アイナメのセシウム含有量は秋口に一時的に下がったものの、秋から年を越えて1キロ当たり1000ベクレル以上の高い水準を保っています。放射性物質の海への流出が止まれば、セシウムは魚の体内から代謝されて減って行かねばなりません。高汚染の魚が揚がり続けている以上、新たなセシウムを魚が摂取していると考えるしかありません。
《福島原発の汚染水、依然流出か 海のセシウム濃度下がらず》は《事故後の昨年4月、海への汚染水の流出が発覚し、東電は地中に薬剤を入れて止めた。東電は「この3〜4カ月は濃度低下が緩やかだが、昨年3月より大きく下がっている。11月ごろから下がりきったところで推移しており、漏えいがあるとは考えていない」としている》と東電の反論を伝えていますが、証拠はこの通り。昨年末の「放射能海洋流出拡大なのに事故収束宣言とは」で心配した地下水と汚染水の混合からの漏出が現実になっています。
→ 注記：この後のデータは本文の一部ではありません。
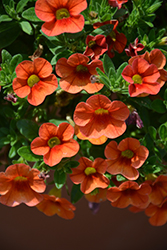 Aloha Hot Orange Calibrachoa (Calibrachoa 'Aloha Hot Orange') at Ward's Nursery & Garden Center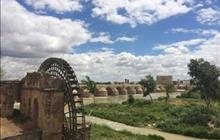 重庆导游为救游客被大象活生生踩死，请做有素质的中国游客！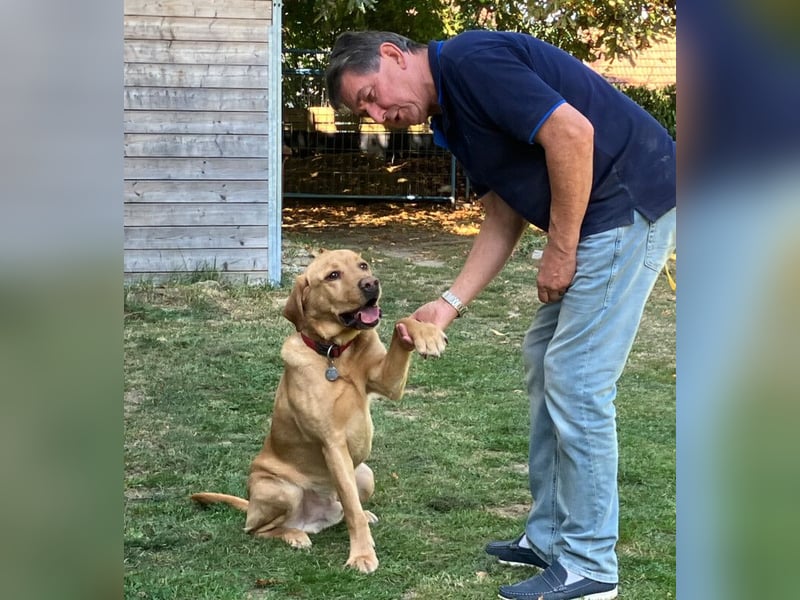 Mr Sam - sucht Menschen mit Hundeverstand - Tierhilfe Franken e.V.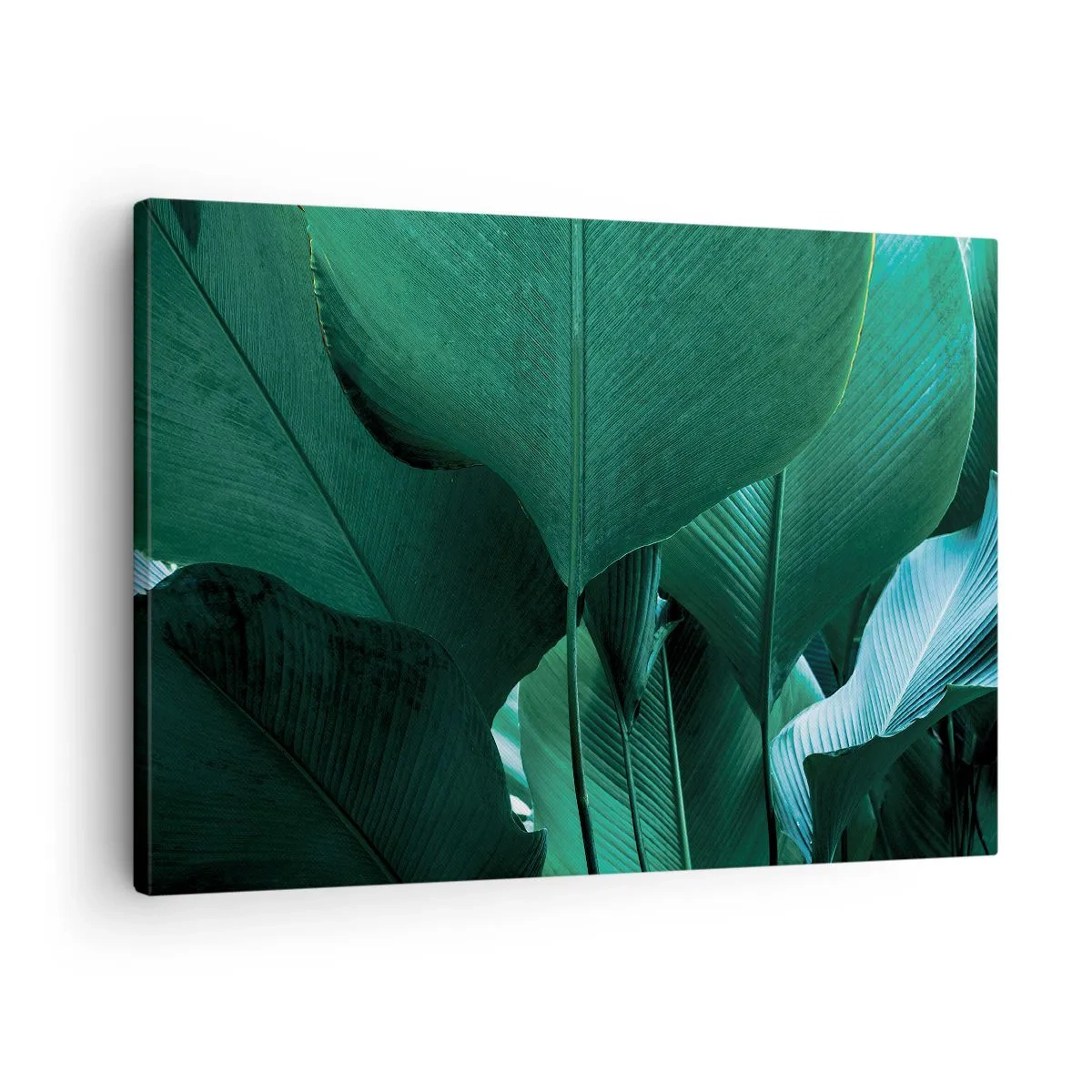 Canvastavla - Bild på duk - Gröna blad i en minimalistisk komposition - 70x50cm - Vända mot ljuset - Modern väggdekoration för vardagsrum och sovrum ARTTOR
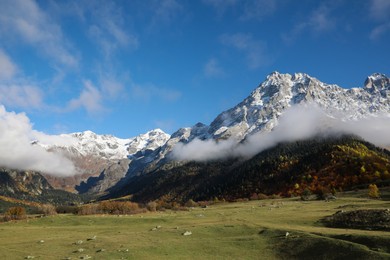 Photo of Picturesque view of high mountains with forest covered by mist and meadow under blue sky on autumn day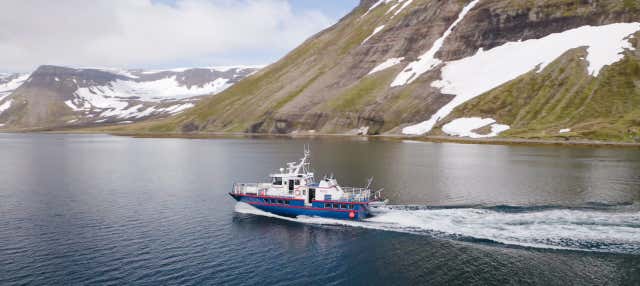 Avvistamento di balene a Isafjordur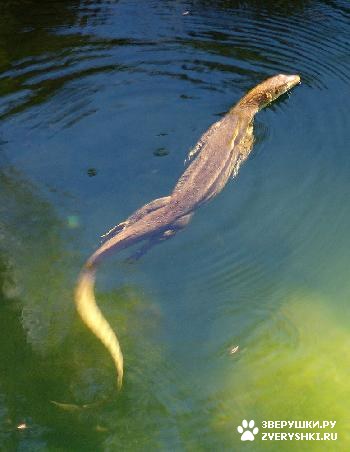 ���������, ��� ��������� ������ ����� (4 ����)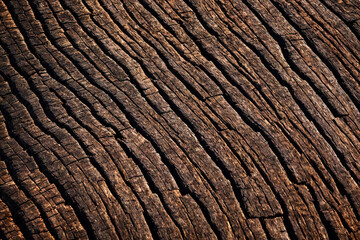 Tree texture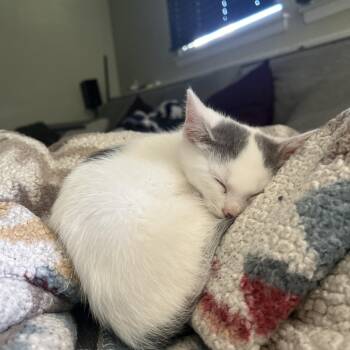 Mussel (Classic D) -  Domestic Short Hair Cat Available for Adoption in Warrington, Pennsylvania - Mussel (Classic D) | PetCurious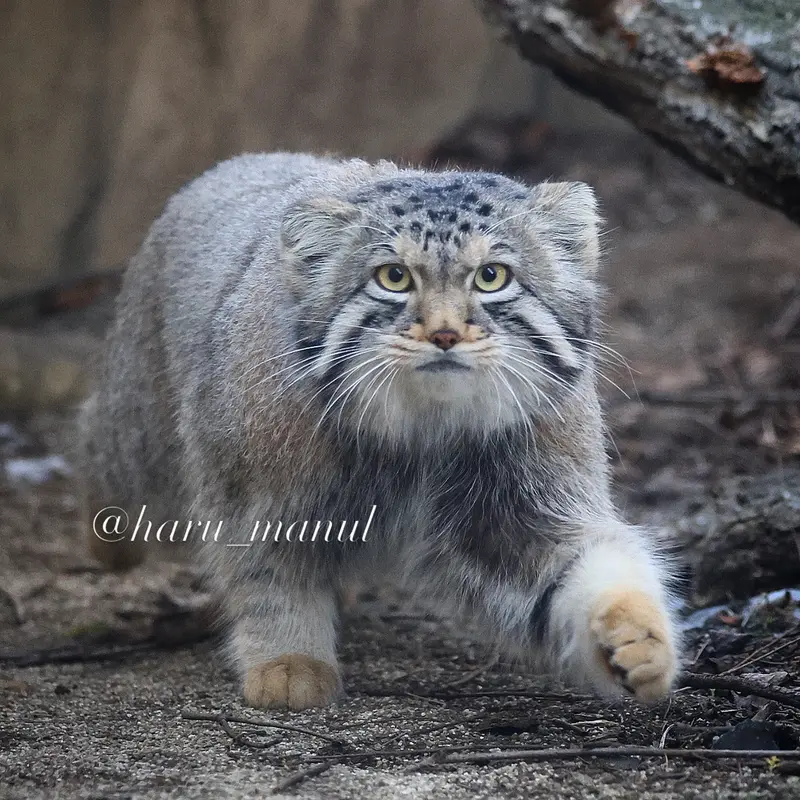 Фотография Нагому в Царстве Животных Насу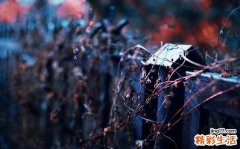 16 第二节 血证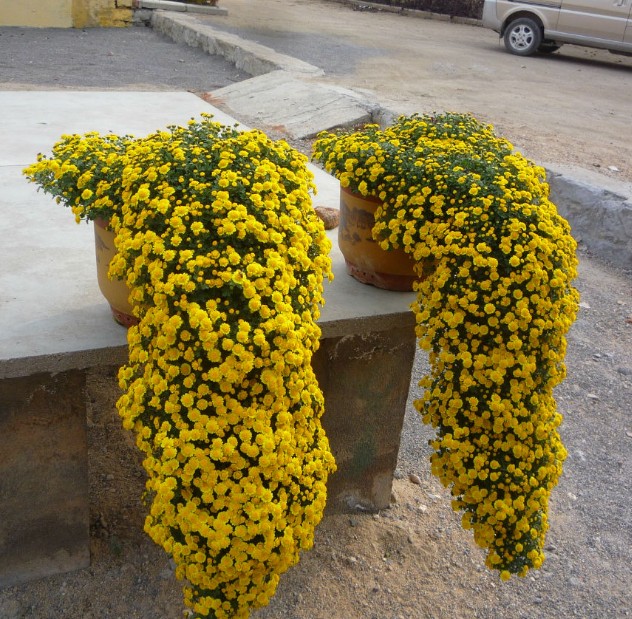 悬崖菊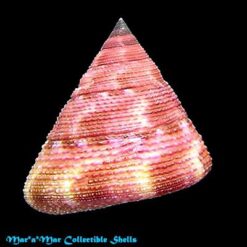 Alternative view of Calliostoma vinosum Quinn, 1992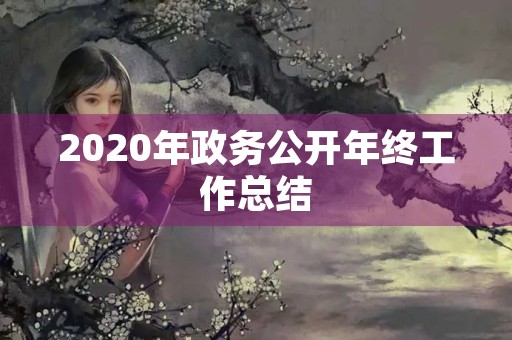 2020年政务公开年终工作总结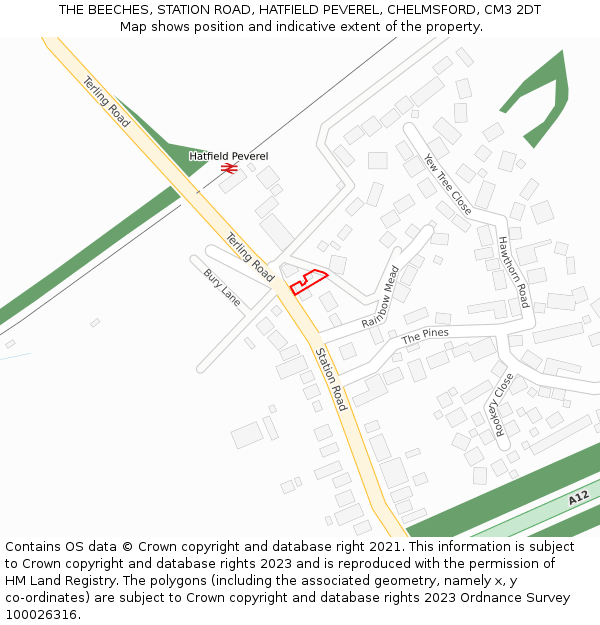 THE BEECHES, STATION ROAD, HATFIELD PEVEREL, CHELMSFORD, CM3 2DT: Location map and indicative extent of plot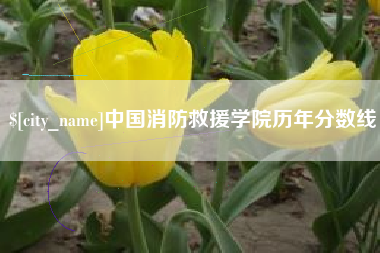 佛山中国消防救援学院历年分数线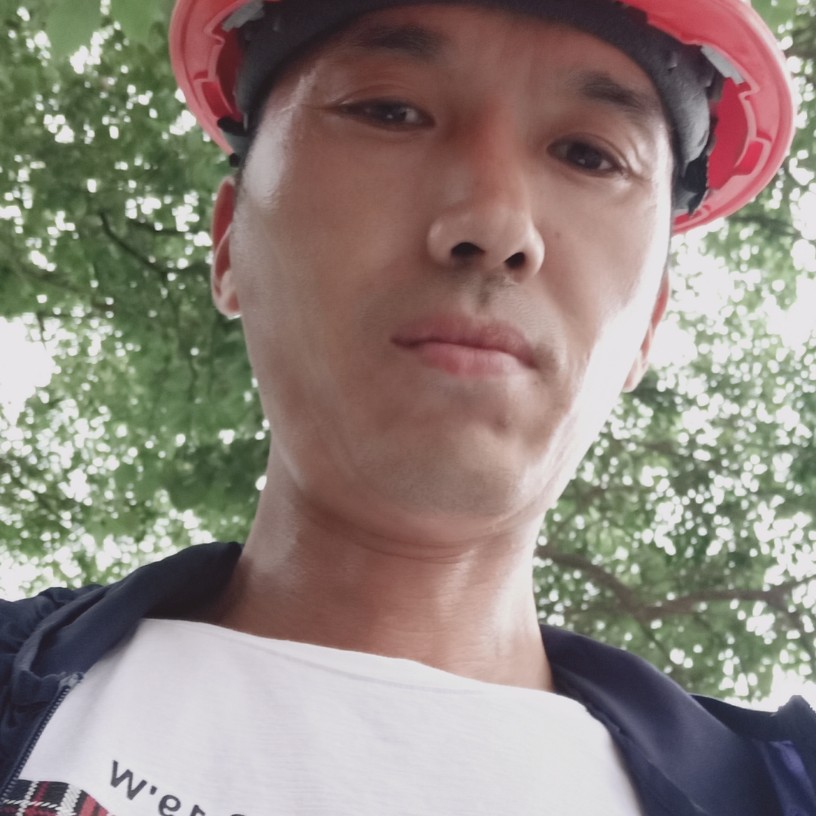 上班忙的照片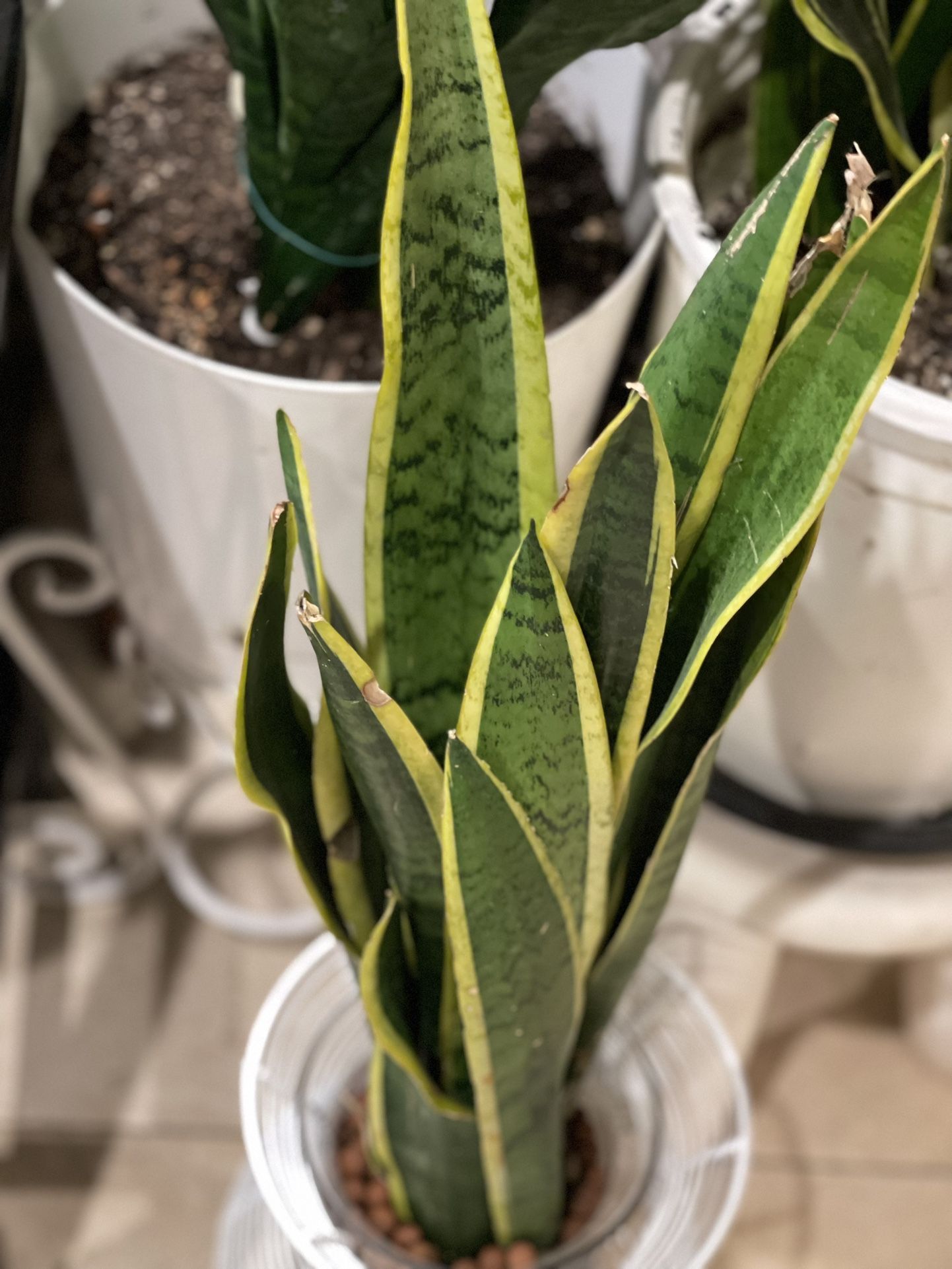 SNAKE Plant Grow on LECA Balls, Rocks, & Water
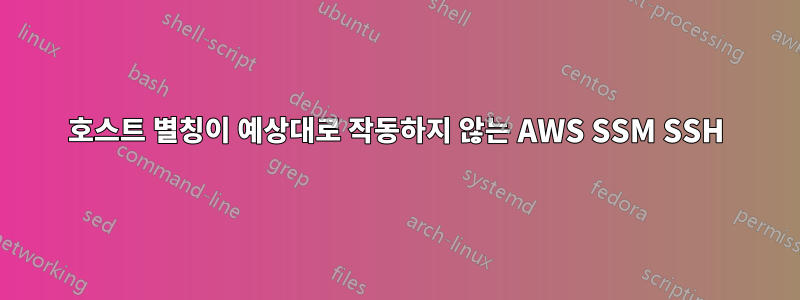 호스트 별칭이 예상대로 작동하지 않는 AWS SSM SSH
一方、読売新聞は《セシウム流出量、東電推計の6倍…海洋研試算》で福島原発事故で「原発から海に流出した放射性セシウム137の総量は最大で5600テラ・ベクレル(1テラは1兆)に上るとの試算を、海洋研究開発機構がまとめた。東電の推計量の約6倍にあたる」と報じています。昨年5月7日までのセシウム移動経路をきちんと模擬計算した結果で、これほどの差が出ると東電への信頼性は著しく下がります。海洋へのセシウム流出量は海外の関心が高い重要事項であり放置は許されません。